As part of the Full Disclosure policy analysis series, Blease Research surveys leading variable and variable universal life upper market insurers twice per year.
The charts in this report are an excerpt of our latest findings on products for sale in April, as well as those released on May 1, when many variable products’ prospectuses are released.
Full Disclosures findings reveal that even amid a slowdown in sales at many companies due to fallout from declining equity subaccount returns, insurers are busily adding new policies to differentiate themselves from others in the market.
These excerpts of illustrated values are designed to show how companies are illustrating their products in the marketplace, and provide an overview of the specific strengths each brings to market.
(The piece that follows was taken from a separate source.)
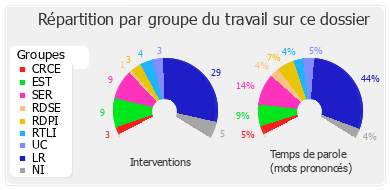 Répartition par groupe du travail sur ce dossier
Variable life illustrated values (the majority in this report are built on a universal life chassis) are based on a Male Age 40 paying a $3,000 annual premium and a $250,000 policy. If our specified premium of $3,000 is too low to illustrate the policy for this age and face amount, the policies are blended with term insurance, if available. The class specified is best nonsmoker as long as the class represents at least 15% of the contract issued of each policy.
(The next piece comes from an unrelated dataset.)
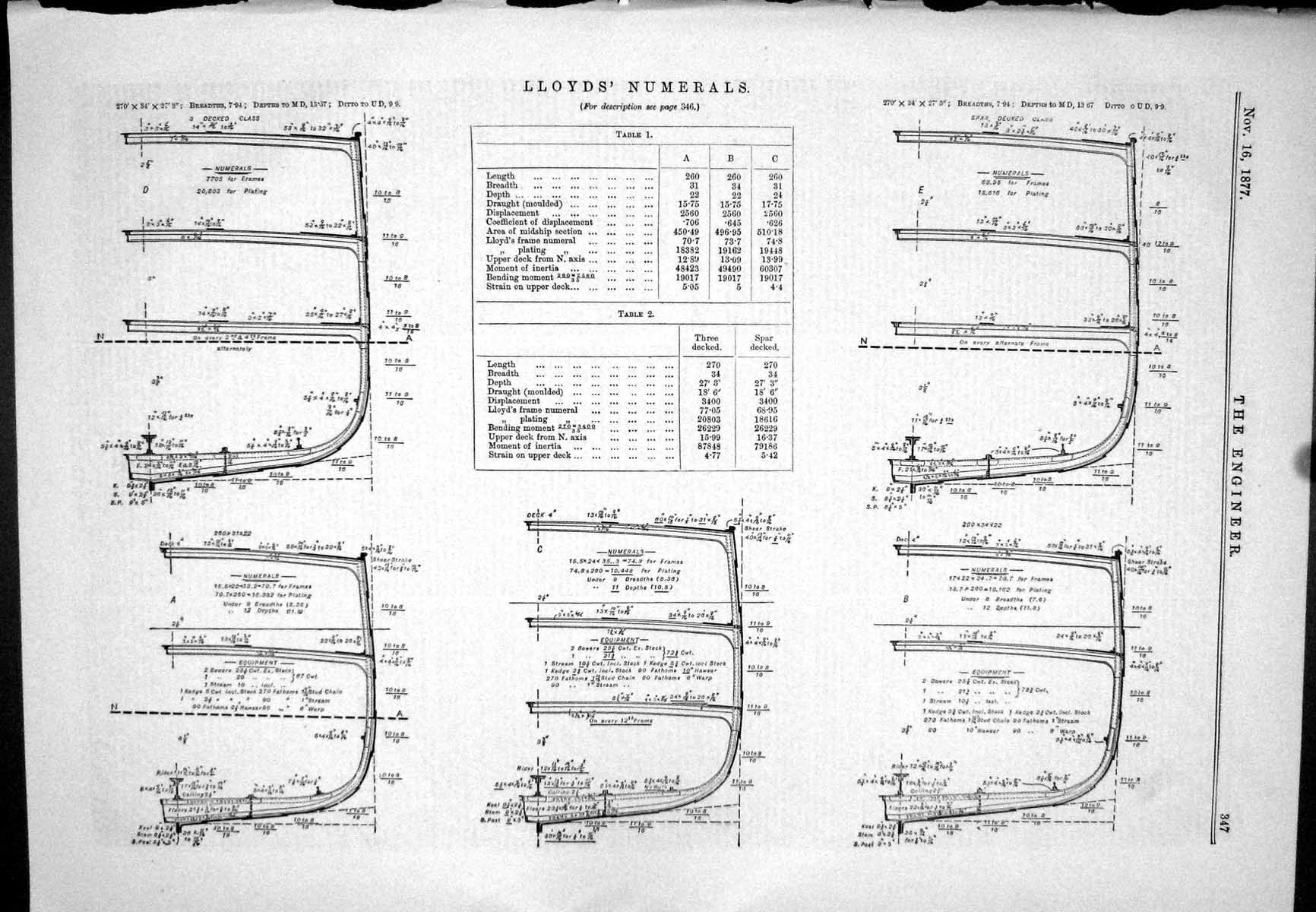 Antique Old Print 1877 Lloyds Numerals Diagrams Upper Deck Equipment Draught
Companies were asked to employ a 10% gross crediting rate that is then net of average fund expenses. Not all companies use the same averaging method. Some use a regular arithmetic average and others weight the average according to assets allocated to the various investment options available under each policy.
The death benefit type is level; however, a column is included with a true increasing death benefit for each policy.
Internal rates of return (IRRs) indicate which products are designed to be more efficient in producing cash values or death benefits, or are an all-around solution. The IRR can be applied to cash values as well as death benefits, and we have chosen to measure both at a policy duration of 30 years.